Airport Master Plan Approved
WBRZ, LA

The Metro Council on Tuesday unanimously approved a 20-year master plan for 
Baton Rouge Metro Airport that calls for $192 million of new construction.

More than 20 residents of the north Baton Rouge area surrounding Metro Airport 
attended the downtown council meeting to complain about the master plan.

The criticism centered on how obtrusive airport noise is on everyday life and 
on the lack of information made available about the plan.

"There has been inadequate time for the majority of citizens to learn about the 
real impact these changes will have," said Henry L. Stewart III, a north Baton 
Rouge resident and longtime critic of airport expansion.

The master plan, which was commissioned in 2001 for $1 million, was drawn up by 
consultants Leigh Fisher Associates. The plan calls for:

· Extending the runway that runs from the southwest corner of Metro Airport to 
the northeast and moving the intersection of Plank and Blount roads 250 feet to 
provide a bigger safety cushion at the end of the runway.

· Building an air cargo facility to accommodate regular cargo flights. The 
airport has none now.

· Expanding the terminal lobby and buying new loading bridges for the regional 
jets that are becoming more prevalent.

· Moving military installations and other facilities on the airport access 
road away from the main entrance to accommodate other uses.
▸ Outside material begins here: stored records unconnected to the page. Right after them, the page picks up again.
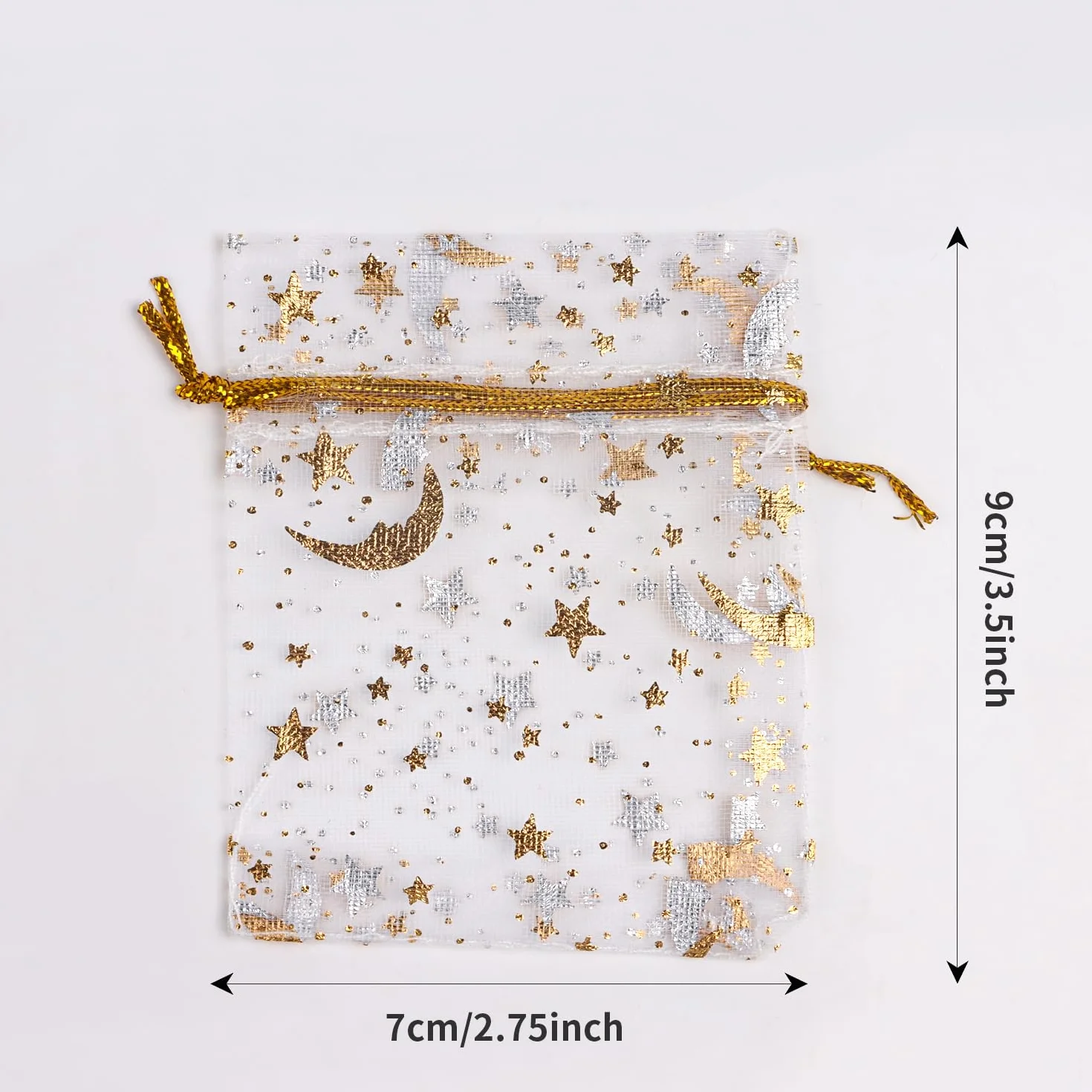 Woreczki z organzy, 100 sztuk, białe torebki na biżuterię ze sznurkiem, woreczki prezentowe z organzy, na festiwal, imprezę, wesele, prezent (7 x 9 cm)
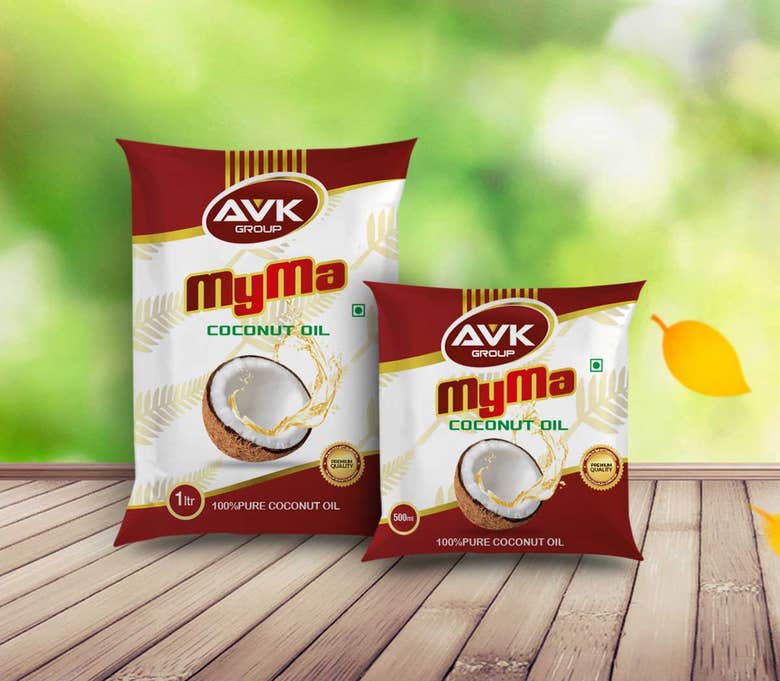 Myma Coconut oIl package Design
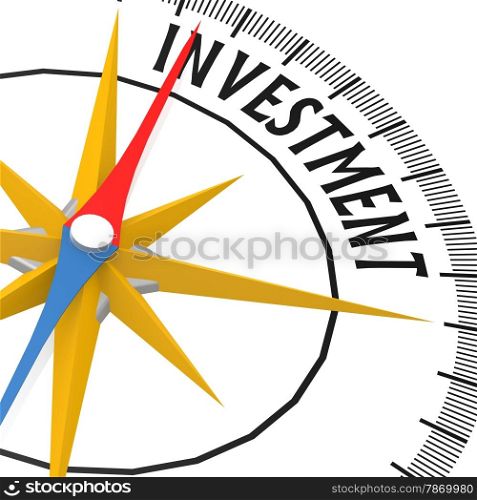 Compass with investment word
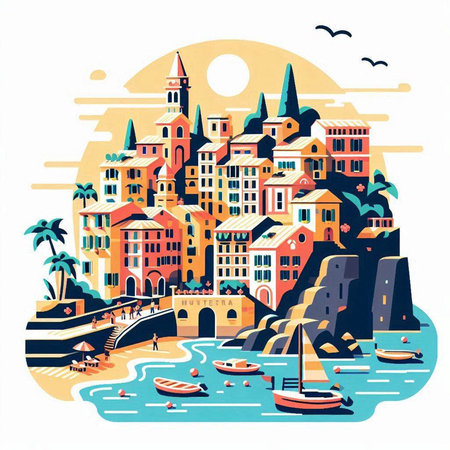 Cityscape with boats and yachts. Vector illustration in flat styleのイラスト素材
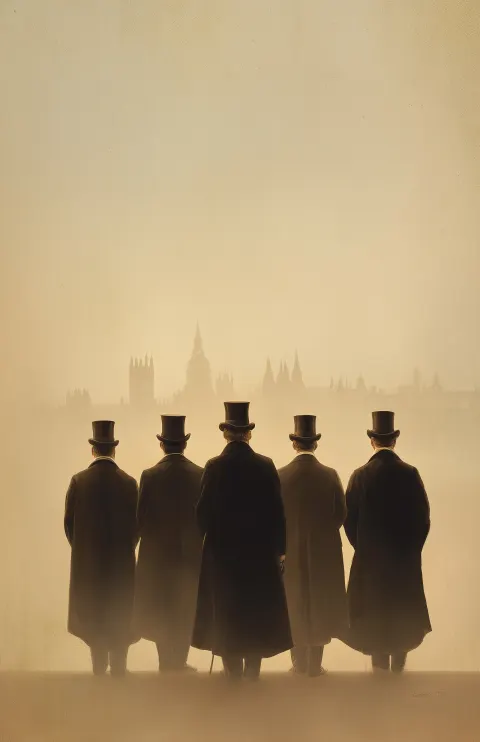 Five elegant male silhouettes in top hats and frock coats standing side by side, seen from behind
· Enlarging the parking garage.

Much of the work would be done within the next 10 years. Airport Director 
Anthony Marino said he has already applied for millions of dollars in federal 
funds to begin work, contingent on the master plan being approved quickly.
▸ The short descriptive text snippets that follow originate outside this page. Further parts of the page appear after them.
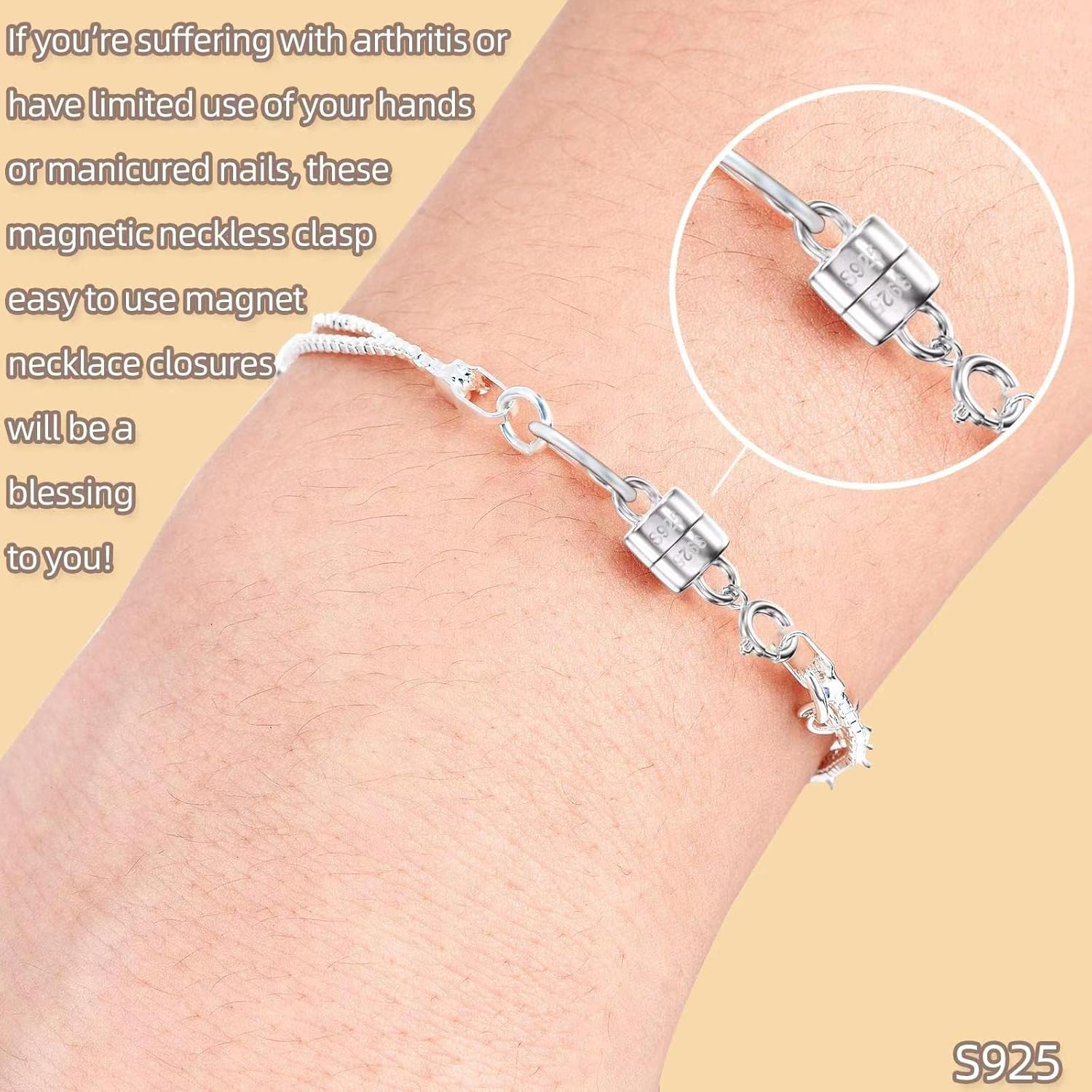 Qulltk 925 Sterling Silver Magnetic Necklace Clasps and Closures,Mini Bracelets Clasp Converter Gold and Silver Chain Extender for Jewelry Making Supplies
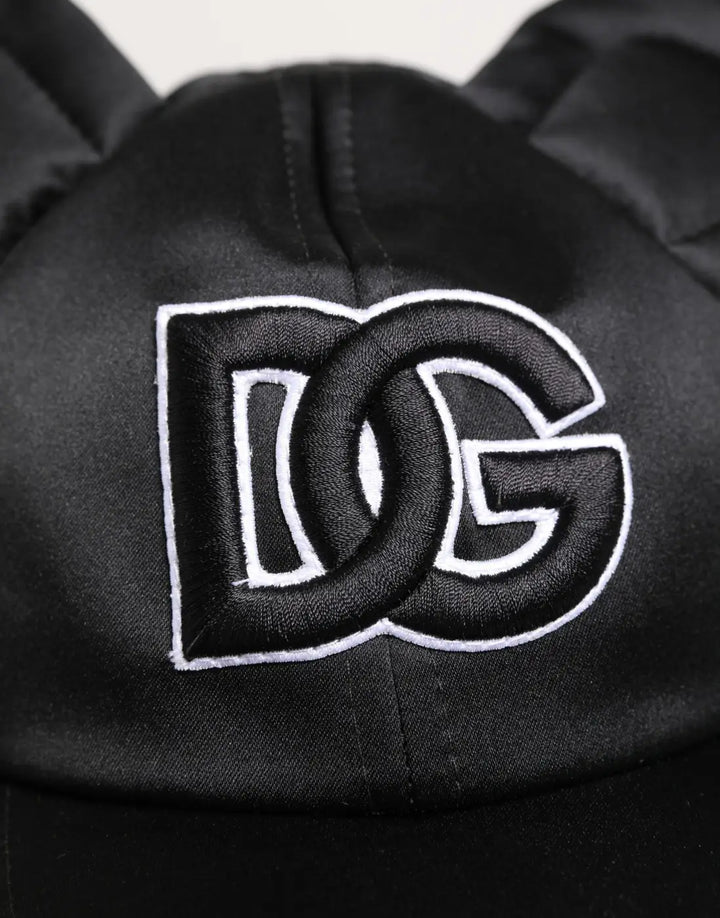 Dolce &amp; Gabbana Men Black Velvet Animal Ears Baseball Cap Hat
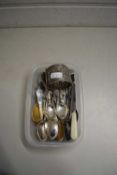 MIXED LOT CRESTED COLLECTORS SPOONS TO INCLUDE SOME WHITE METAL AND HALLMARKED, PLUS DECANTER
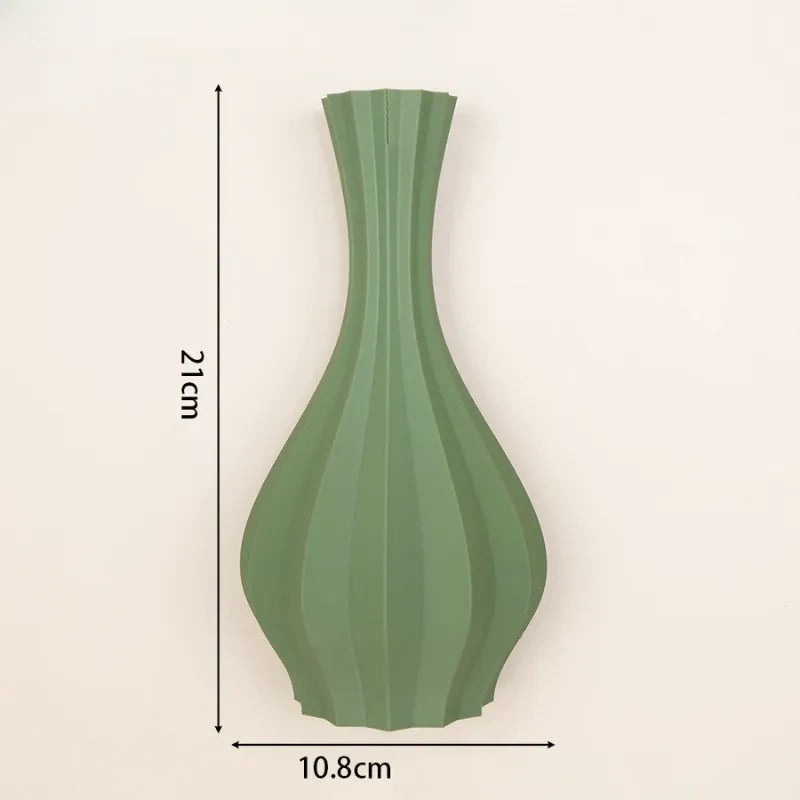 Vase à Fleurs Mural Minimaliste | Motif Géométrique Strié - Maison Vase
"Getting back in line with funding would take more than a year," Marino warned 
the council.

The plan had gone before the Metro Council in November, but Councilman Ulysses 
Z. "Bones" Addison, whose district includes the airport, won a two-week delay 
to let more people know about it.

Marino said he had held 14 public meetings to discuss the plan in recent months 
and had notified people in surrounding neighborhoods and churches via the 
multi-denominational Working Interfaith Network.

"To say they are not aware of this master plan under way at the airport, then 
someone must be living in a vacuum," Marino said.